You are viewing a plain text version of this content. The canonical link for it is here.
Posted to solr-user@lucene.apache.org by stetogias <st...@gmail.com> on 2012/03/08 15:02:10 UTC

Understanding update handler statistics

Hi,

Trying to understand the update handler statistics
so I have this:

commits : 2824
autocommit maxDocs : 10000
autocommit maxTime : 1000ms
autocommits : 41
optimizes : 822
rollbacks : 0
expungeDeletes : 0
docsPending : 0
adds : 0
deletesById : 0
deletesByQuery : 0
errors : 0
cumulative_adds : 17457
cumulative_deletesById : 1959
cumulative_deletesByQuery : 0
cumulative_errors : 0 

my problem is with the cumulative part.

If for instance I am doing a commit after each add and delete operation then
the sum of cumulative_adds plus 
cumulative_deletes plus cumulative_errors should much the commit number.
is that right?
And another question, these stats are since SOLR instance startup or since
update handler startup, these
can differ as far as I understand...

and from this part:
docsPending : 0
adds : 0
deletesById : 0
deletesByQuery : 0
errors : 0

I understand that if I had docsPending I should have adds(pending)
deletes*(pending) but how could I have errors...

thanks
stelios


--
View this message in context: http://lucene.472066.n3.nabble.com/Understanding-update-handler-statistics-tp3809743p3809743.html
Sent from the Solr - User mailing list archive at Nabble.com.

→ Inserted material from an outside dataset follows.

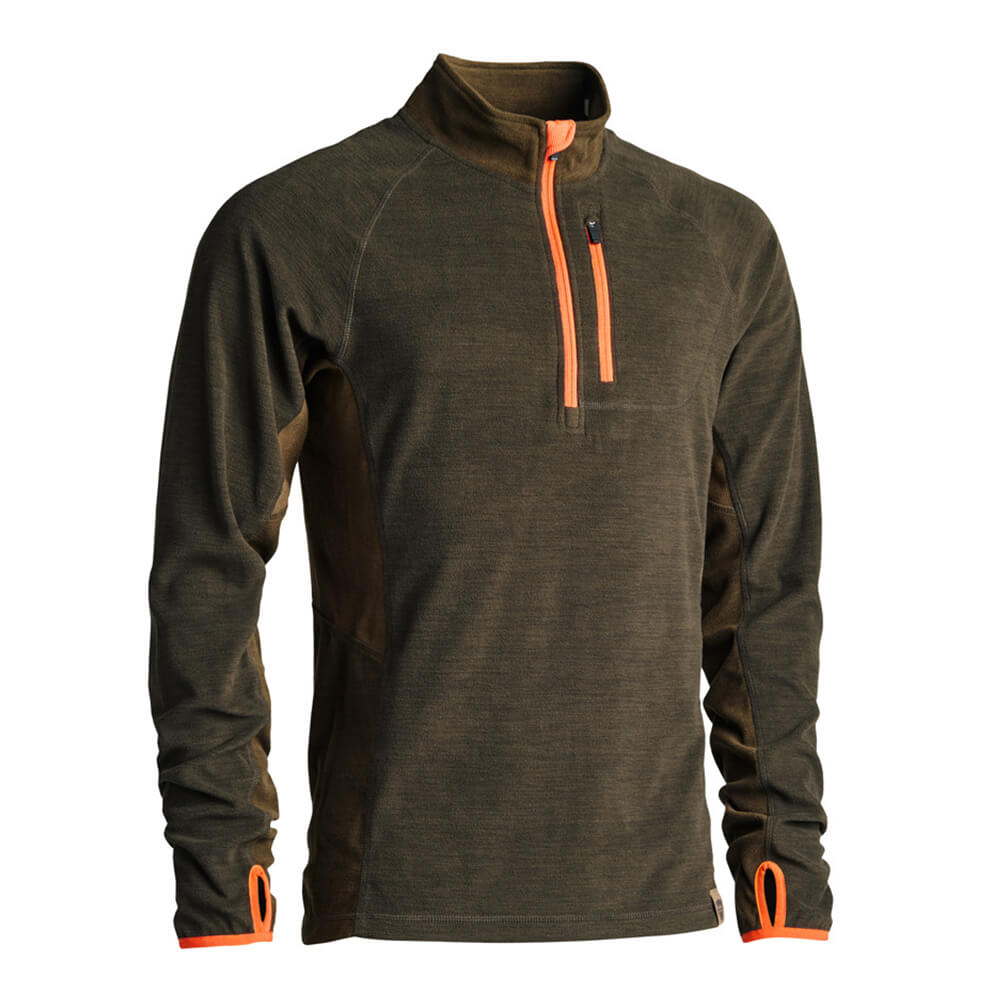  Northern Hunting Camicia in pile Bjorn - Camicie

Re: Understanding update handler statistics

Posted by stetogias <st...@gmail.com>.
OK after doing some tests it seems the "normal" stats(adds/deletes) are
pending
and the cumulative stats are since the instance is up

and it makes sense what you said about the error stats

thanks
stelios

On 8 March 2012 15:58, Shawn Heisey-4 [via Lucene] <
ml-node+s472066n3809864h53@n3.nabble.com> wrote:

> On 3/8/2012 7:02 AM, stetogias wrote:
>
> > Hi,
> >
> > Trying to understand the update handler statistics
> > so I have this:
> >
> > commits : 2824
> > autocommit maxDocs : 10000
> > autocommit maxTime : 1000ms
> > autocommits : 41
> > optimizes : 822
> > rollbacks : 0
> > expungeDeletes : 0
> > docsPending : 0
> > adds : 0
> > deletesById : 0
> > deletesByQuery : 0
> > errors : 0
> > cumulative_adds : 17457
> > cumulative_deletesById : 1959
> > cumulative_deletesByQuery : 0
> > cumulative_errors : 0
> >
> > my problem is with the cumulative part.
> >
> > If for instance I am doing a commit after each add and delete operation
> then
> > the sum of cumulative_adds plus
> > cumulative_deletes plus cumulative_errors should much the commit number.
> > is that right?
> > And another question, these stats are since SOLR instance startup or
> since
> > update handler startup, these
> > can differ as far as I understand...
> >
> > and from this part:
> > docsPending : 0
> > adds : 0
> > deletesById : 0
> > deletesByQuery : 0
> > errors : 0
> >
> > I understand that if I had docsPending I should have adds(pending)
> > deletes*(pending) but how could I have errors...
>
> I'm fairly sure that adds and deletes refer to the number of documents
> added or deleted.  You can have many documents added and/or deleted for
> each commit.  I would not expect the sums to match, unless you are
> adding or deleting only one document at a time and doing a commit after
> every one.  I hope you're not doing that, unless you're using trunk with
> the near-realtime feature and doing soft commits, with which I have no
> experience.  Normally doing a commit after every document would be too
> much of a load for good performance, unless there is a relatively long
> time period between each add or delete.
>
> Your question about errors - that probably tracks the number of times
> that the update handler returned an error response, though I don't
> really know.  If I'm right, then that number, like commits, has little
> to do with the number of documents.
>
> Thanks,
> Shawn
>
>
>
> ------------------------------
>  If you reply to this email, your message will be added to the discussion
> below:
>
> http://lucene.472066.n3.nabble.com/Understanding-update-handler-statistics-tp3809743p3809864.html
>  To unsubscribe from Understanding update handler statistics, click here<http://lucene.472066.n3.nabble.com/template/NamlServlet.jtp?macro=unsubscribe_by_code&node=3809743&code=c3RldG9naWFzQGdtYWlsLmNvbXwzODA5NzQzfC0xMDc4NTcwNTM2>
> .
> NAML<http://lucene.472066.n3.nabble.com/template/NamlServlet.jtp?macro=macro_viewer&id=instant_html%21nabble%3Aemail.naml&base=nabble.naml.namespaces.BasicNamespace-nabble.view.web.template.NabbleNamespace-nabble.naml.namespaces.BasicNamespace-nabble.view.web.template.NabbleNamespace-nabble.view.web.template.NodeNamespace&breadcrumbs=notify_subscribers%21nabble%3Aemail.naml-instant_emails%21nabble%3Aemail.naml-send_instant_email%21nabble%3Aemail.naml>
>


--
View this message in context: http://lucene.472066.n3.nabble.com/Understanding-update-handler-statistics-tp3809743p3813320.html
Sent from the Solr - User mailing list archive at Nabble.com.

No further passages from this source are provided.